Doğal olarak aslen Arap olan Seyyitler, zamanla Kürtleşmişlerdir. Bu, gayet doğal bir durumdur. Ne Seyyitler bunu bir sorun olarak görmüş, ne de Kürtler Kürtleşen seyitlere karşı saygısını yitirmiştir. Aslında burada şöyle bir durum ortaya çıkmıştır: Seyyitlerin Kürtleşmesiyle birlikte aslında Kürtler de Seyyit olmuştur. Yani bunun sonucu olarak Kürtler de Seyyitlerin iksiriyle maddi ve manevi olarak bu yönde bariz bir özellik kazanmıştır. Anadolu`da “Molla-Seyda” payesinin özellikle doğu âlimlerine verilmesi bunun bir sonucudur. Gerçekten doğunun “Molla-Seyda” profili Anadolu`ya çok özel bir kazanımdır ve bunun temelinde Seyyitlerin Kürtleşmesine bağlı olarak Kürtlerin de seyyitleşmesi vardır.

Kürtleşen Seyyitler, Kürt halkına bir iksir ve maya olarak onlara sosyal, kültürel, ilmi ve irfani bir pâye kazandırdı. Hatta bazılarının iddia ettiğinin aksine onlara siyasi bir ruh da verdi. Kürtlerin içindeki ulusalcılar; hem Seyyit hem de Kürt olmayı bir çelişki olarak görüyor, seyitlerin kökeninin Arap olması sebebiyle kendilerinin Seyyit olmadıklarını iddia ediyorlar. Böyle bir yaklaşımın çok şeytani bir hedefi vardır. Çok istisnada olsa Kürtleşen bazı Seyyitlerin de böyle bir komplekse kapılması çok üzüntü vericidir. Ulusalcılar kendilerince haksız da sayılmazlar. Çünkü biliyorlar ki şeceresi Seyyitlerin şeceresiyle birleşen Kürt halkı, asla soysuz ve köksüz işlere tenezzül etmez. Bu nedenle Kürtlerin köklerinden koparılarak şeceresiz bırakılmaları gerektiğine inanıyorlar. Lakin bazı Seyyitlerin böyle düşünmesi anlaşılmaz bir durumdur.

Kürtleşen Seyyitler, Kürt halkı içinde aynı anda hem İslam kimliğine hem de Kürt kimliğine sahip olarak özel bir yükümlülüğe sahiptir. Onlar, Kürt halkının vicdanı ve insafı olmalıdır. Kürt halkının kimliğinin başka yönlere kaymasına engel olmalıdır. Seyitler, Kürt halkının asıl hüviyeti olmalı, tek yönlü bir kimlik talebine razı olmamalıdır.

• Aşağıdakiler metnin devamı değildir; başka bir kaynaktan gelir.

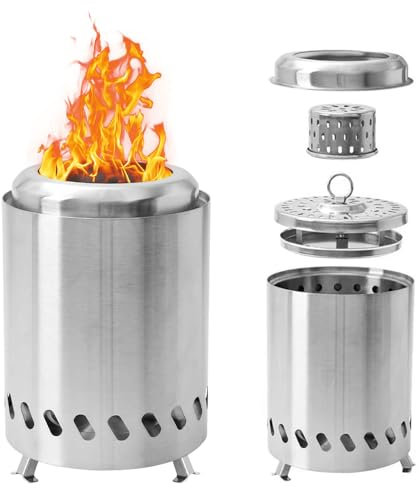 Chimenea portátil sin humo, hoguera portátil de mesa, mini hoguera de mesa, chimenea sin humo, de acero inoxidable, hogueras portátiles para camping, exteriores y patio, quema de leña/pelletalimentada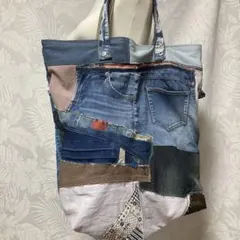 デニムリメイク　バッグ　BIGバッグ　パッチワーク　トートバッグ　ハンドメイド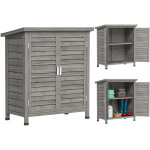 Armoire de jardin remise pour outils sur pied �tag�re portes persiennes toit bitum� bois sapin 87l x ...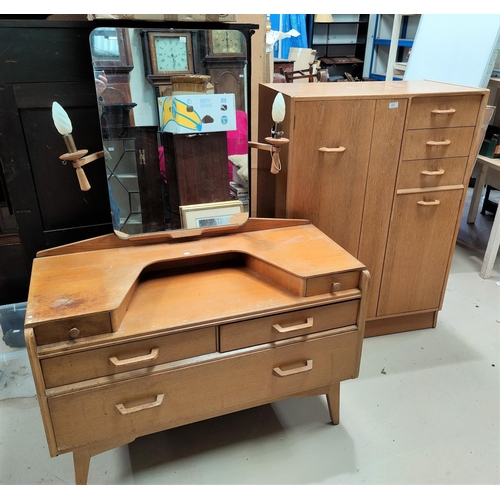 572 - A 1950's light oak 2 piece bedroom suite comprising tallboy with hanging cupboard, small cupboard an... 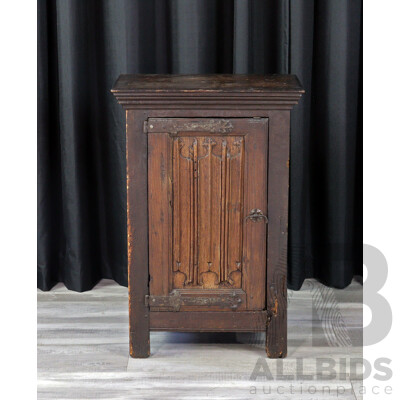 Antique Gothic Revival Oak Single Door Cabinet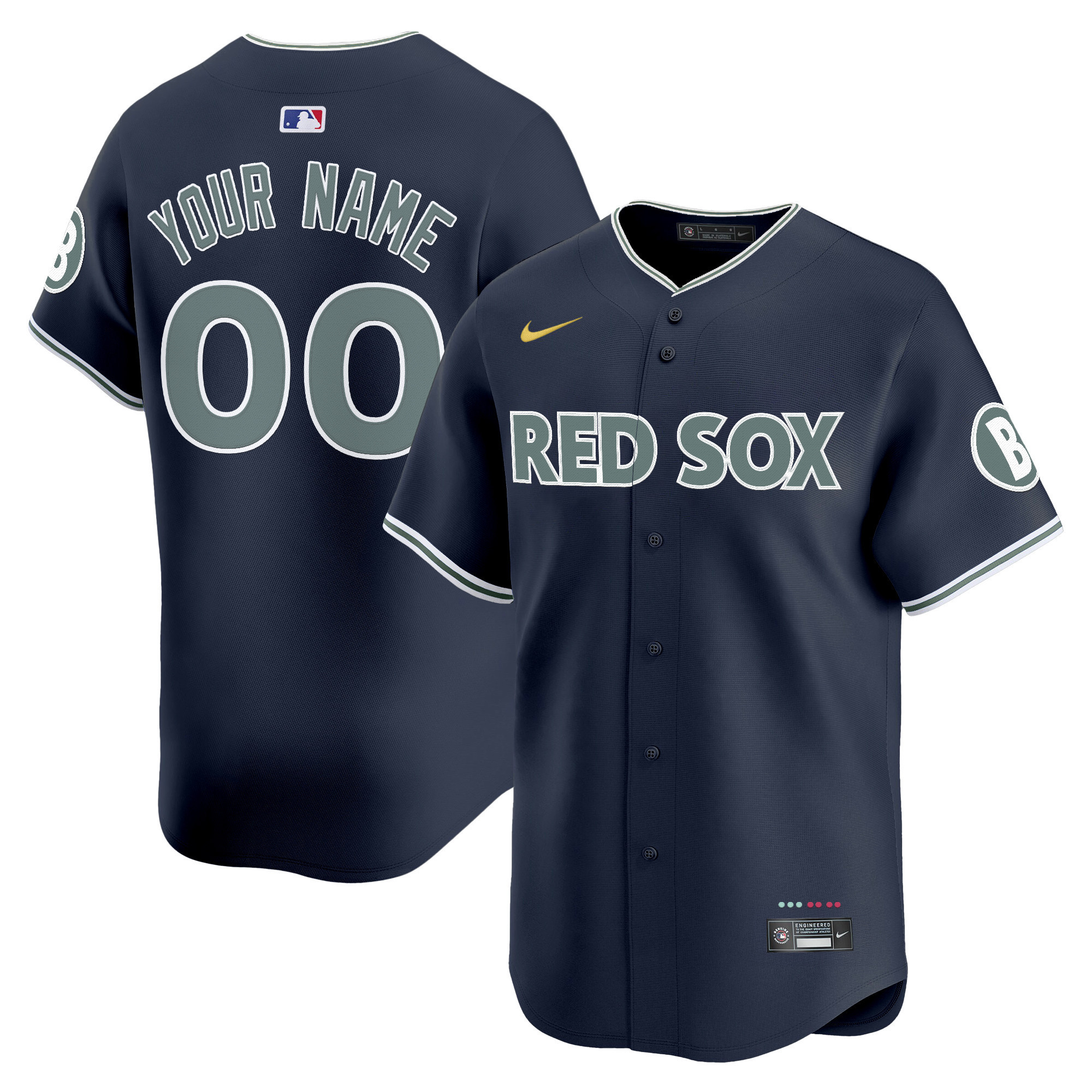 Men's Boston Red Sox 2025 City Connect Vapor Premier Limited Custom Navy Jersey - All Stitched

Geziciler, Diyarbakır`dan medet umuyorlar. Unutulmamalıdır ki Kürtlerin seyyitlik şeceresi bunların köksüz şeceresiyle asla uyuşmaz. Bu nedenle Kürt halkı böyle girişimlere teveccüh etmez, bu amaçla kendisine başvuranların hayallerini boşa çıkarır.

Ana dilde eğitim, Seyyit olan Kürt halkının en doğal ve tartışılmaz hakkıdır. Seyyitler Kürt halkının hem lisanını hem de zihnini temsil ederler. Seyyitlik, Kürt halkının mantığıdır ve bu, böyle devam etmelidir. Bunun için Seyyitler Kürtlere, Kürtler de Seyyitlere sahip çıkmalıdır. Çünkü bu seyyitlik, Kürtlerin seyyitliğidir. Onların efendiliğidir.

Efendiliğinin kaynağını Peygamberin şeceresinden bilenlere selam olsun!